PILIH LIBUR


Kemarin saya dan Cak Sukemi maksi di warung Mejoyo, kawasan Jalan Raya Rungkut Surabaya. Kami kerap mampir ke sini karena masakannya enak dan harganya terjangkau. Modelnya prasmanan. Ambil nasi sendiri, lantas angkat lauk favorit: ikan bandeng bumbu kuning asam pedas.
 

Setelah itu serkit (geser sedikit) ke etalase kaca, yang fungsinya persis touchscreen superlebar. Begitu telunjuk jari kita menempel di salah satu sisi kaca itu, maka keluarlah makanan sesuai keinginan. Mau bothok udang, bothok tahu jamur, atau pepesan tongkol, silakan saja. 

Tapi kali ini ada yang beda. Terlihat ada selembar kertas pengumuman yang ditempel di kaca touchscreen tersebut. Bunyinya: “Selama bulan Ramadan Warung Mejoyo libur”.  Pengumuman itu ditulis dengan sederhana tetapi sesungguhnya tidaklah sederhana. Setidaknya mengusik hati saya sepanjang makan siang di situ. 

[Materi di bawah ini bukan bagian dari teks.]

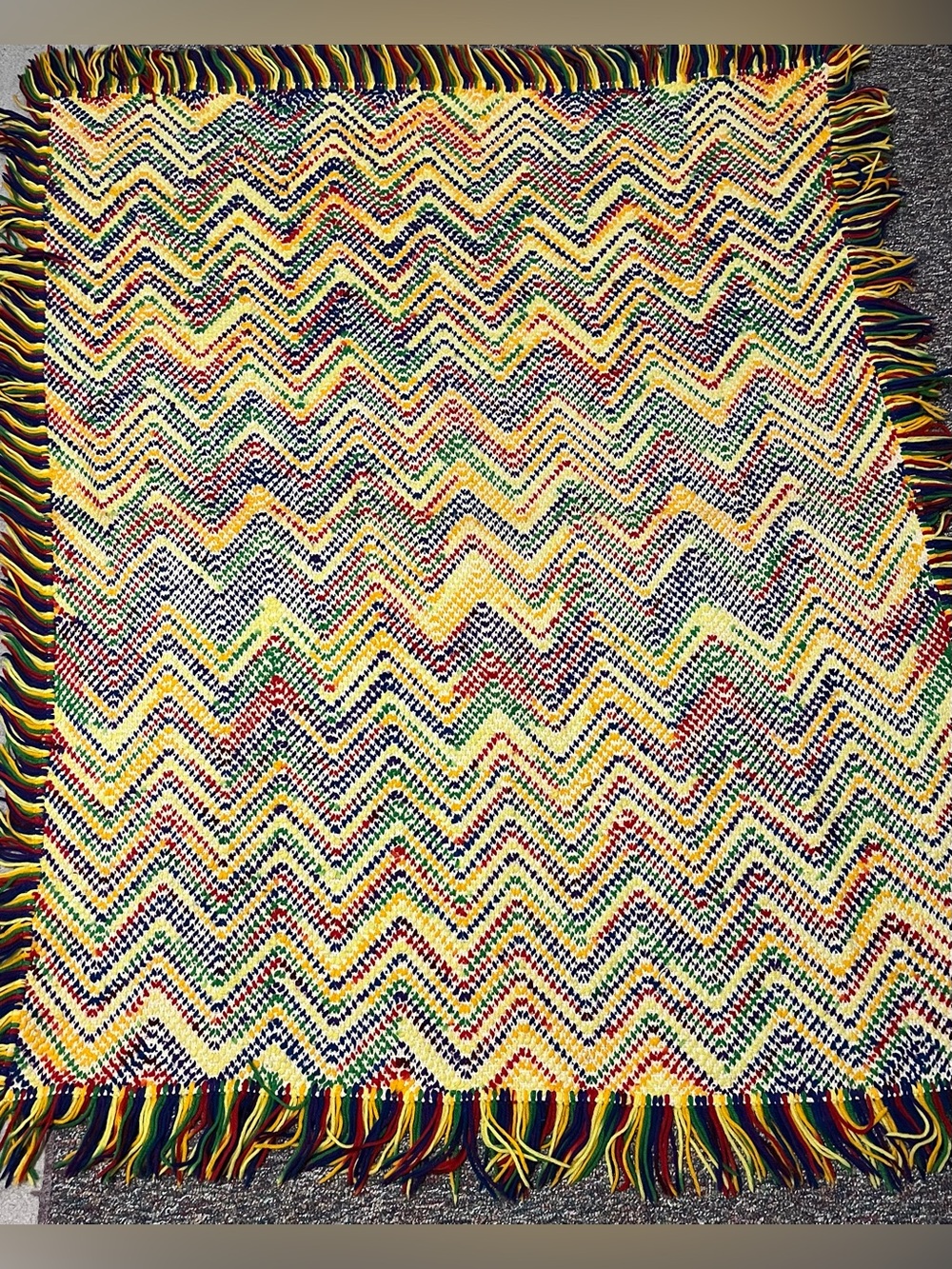 Vintage 70sHandmade Swedish Weaving Afghan Throw Blanket Huck Embroidery 56”x44”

Ya, ini bukan info baru, tetapi selalu saja membuatku terkagum dan salut. Kok ya ada saja pedagang yang memilih meliburkan diri sebulan penuh di saat bulan puasa. Padahal bila ingin menghormati orang puasa, bukankah dia bisa buka menjelang Magrib atau pada saat jam-jam sahur? 

Agaknya Ramadan adalah sebuah momentum. Setiap orang memiliki pandangan sendiri-sendiri terhadap momentum tersebut. Dan itu sah. Banyak pihak menyambut bulan Ramadan bagai datangnya musim panen besar, karena pada saat itulah orang akan aneka belanja kebutuhan untuk Lebaran. Sirup Marjan tak henti beriklan di televisi, toko pakaian pesta diskon, dan bakul kue kering bolak-balik mengunggah produknya ke medsos dan grup WA.   

Toh ada juga pengusaha yang memilih jalan sebaliknya, mengambil jarak di tengah ramainya konsumen dan peluang meraup laba potensial yang besar. Contohnya ya warung Mejoyo di depan PT Kedawung Subur itu tadi. Agaknya dia lebih memilih bertransaksi dengan Tuhan, mungkin dengan cara memperbanyak ibadah atau berniat menjalani puasa tanpa tergesa dan direcoki kesibukan kerja yang tak kunjung ada habis-habisnya. 

Sungguh Gusti Allah maha adil. Tentulah dipenuhi aneka kemauan hambanya. Mereka yang ingin mendapat  penghasilan lebih akan diberi dengan berlimpah. Bagi yang berharap mendapatkan kasihNya Insyaaallah akan memperolehnya. 

Gara-gara secarik pengumuman itu saya jadi termangu dalam perasaan mendua. Ada rasa cemburu. Kapan ya saya bisa meniru seperti itu? Berani “off” sebulan dari aktivitas transaksional lalu ganti melakoni aktivitas yang lebih substansial dan berdimensi sosial? 

Sementara di sisi lain saya juga masih tergoda untuk turut “memonetisasi” momentum Ramadan, seperti layaknya pebisnis musiman yang cerdik dalam memanfaatkan keadaan. Tetapi sampai sekarang ternyata tidak juga bisa mempraktikkannya.

 Keluar dari warung perut saya kenyang, tetapi pikiran saya jadi menerawang.